[What needs to be done] Retyping should cover only the lines from the one containing "Тетрадь предметная BLACK" through the final line of the records, with pictures omitted.

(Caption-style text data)
_ _ _ _ _
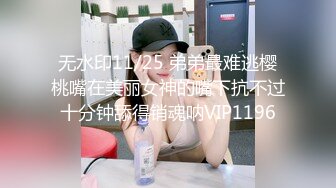 香港反差少女「kekristy」OF公共场所露出&性爱私拍 现实乖OL网络小荡妇 (1)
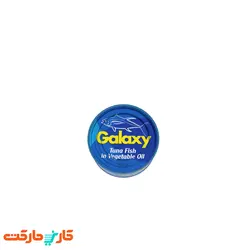کنسرو ماهی تن در روغن گلکسی 180گرم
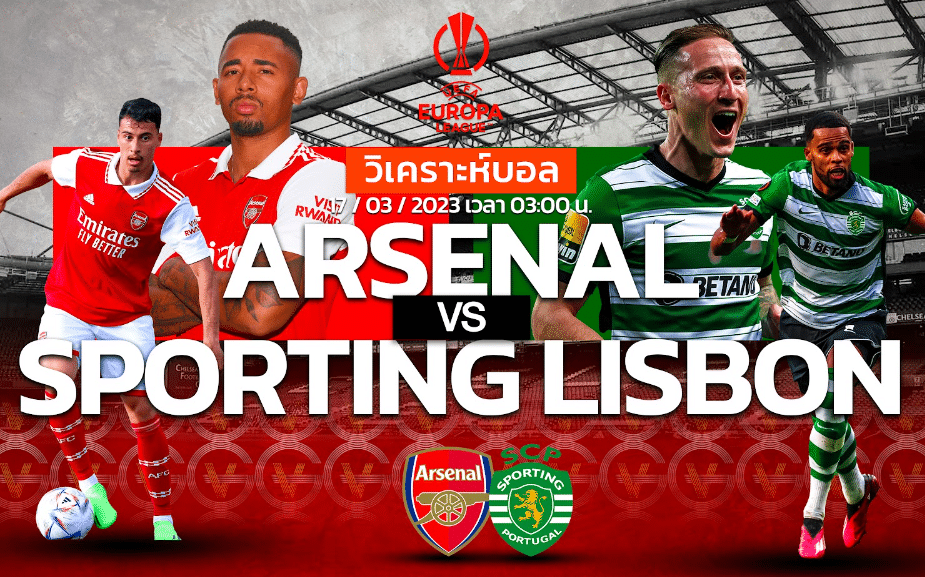 วิเคราะห์ฟุตบอล อาร์เซนอล vs สปอร์ติ้ง ลิสบอน 17-03-66 03.00น.
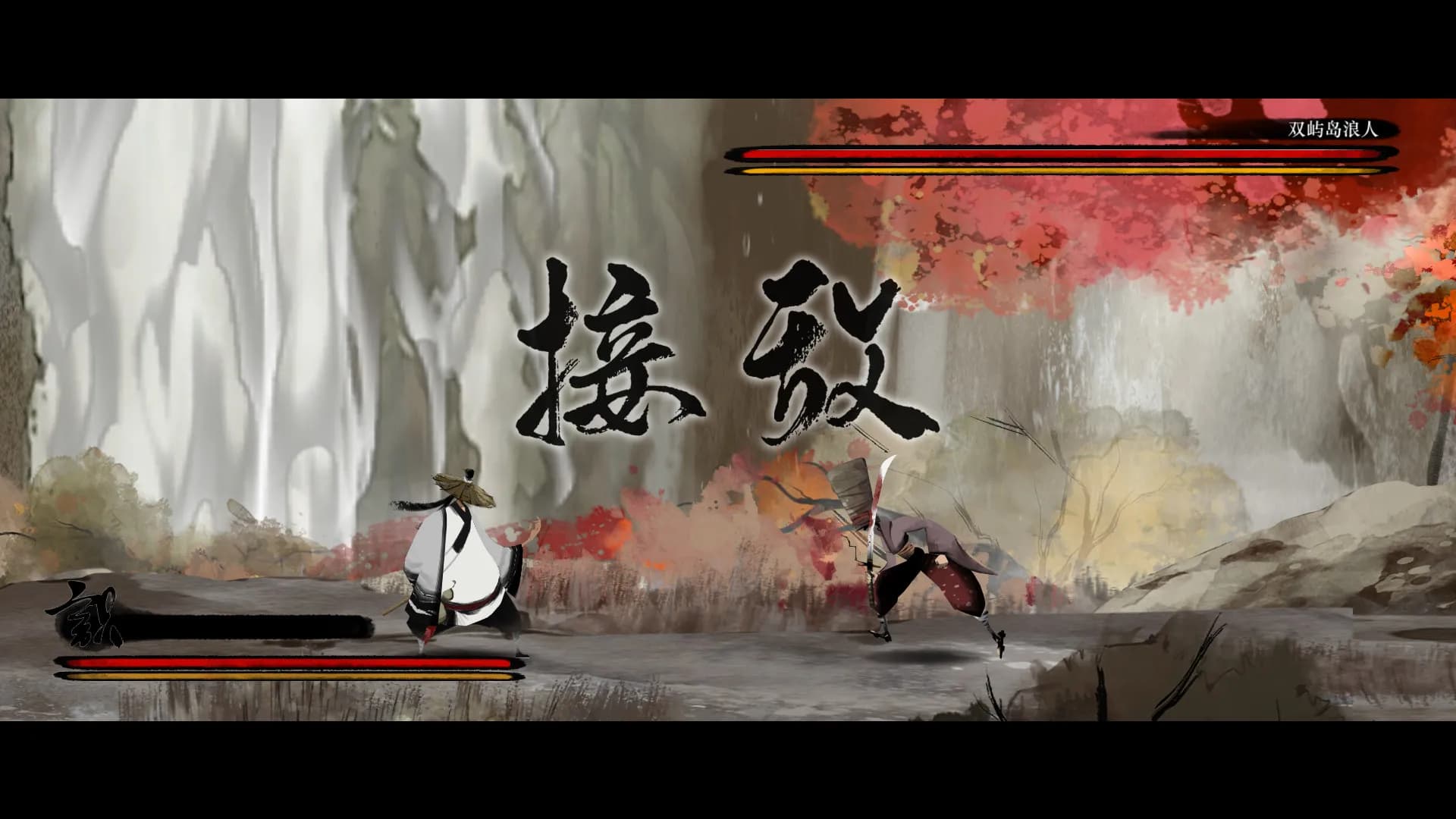 Listen to the Wind screenshot screenshot 1
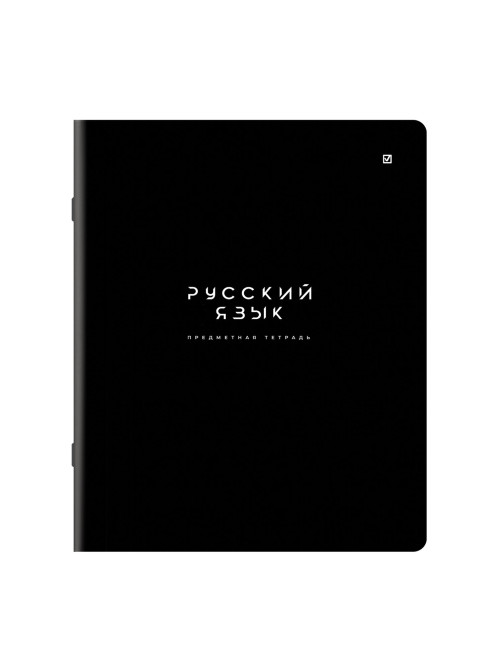 Тетрадь предметная BLACK MODE 48 л., пластиковая обложка, РУССКИЙ ЯЗЫК, линия, подсказ, BRAUBERG, 405523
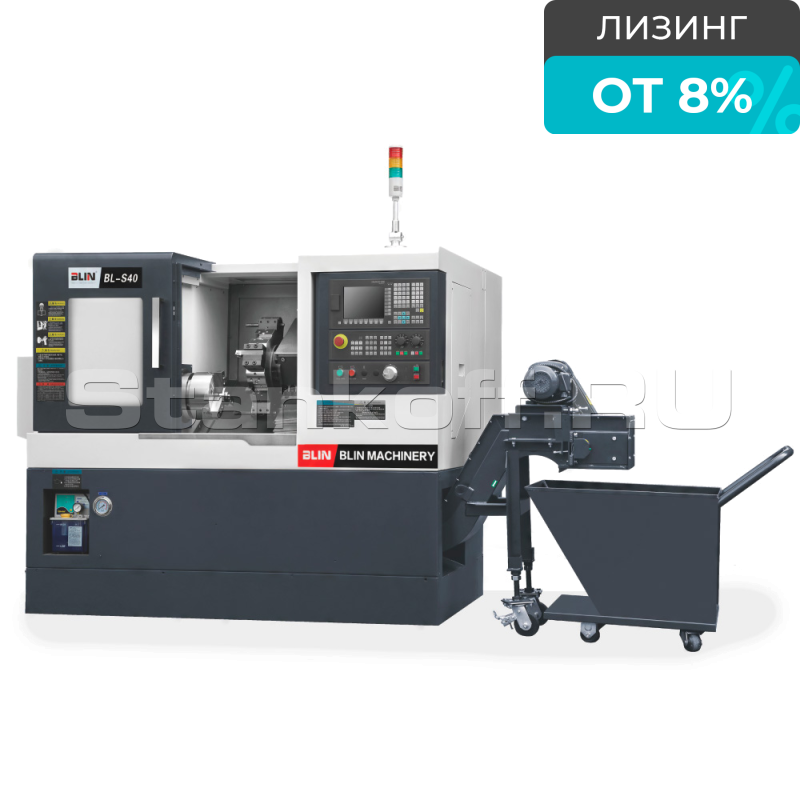 Токарный обрабатывающий центр NINGBO BLIN MACHINERY BL-S40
_ _ _ _ _
[Your solution]
 Тетрадь предметная BLACK MODE 48 л., пластиковая обложка, РУССКИЙ ЯЗЫК, линия, подсказ, BRAUBERG, 405523
 Токарный обрабатывающий центр NINGBO BLIN MACHINERY BL-S40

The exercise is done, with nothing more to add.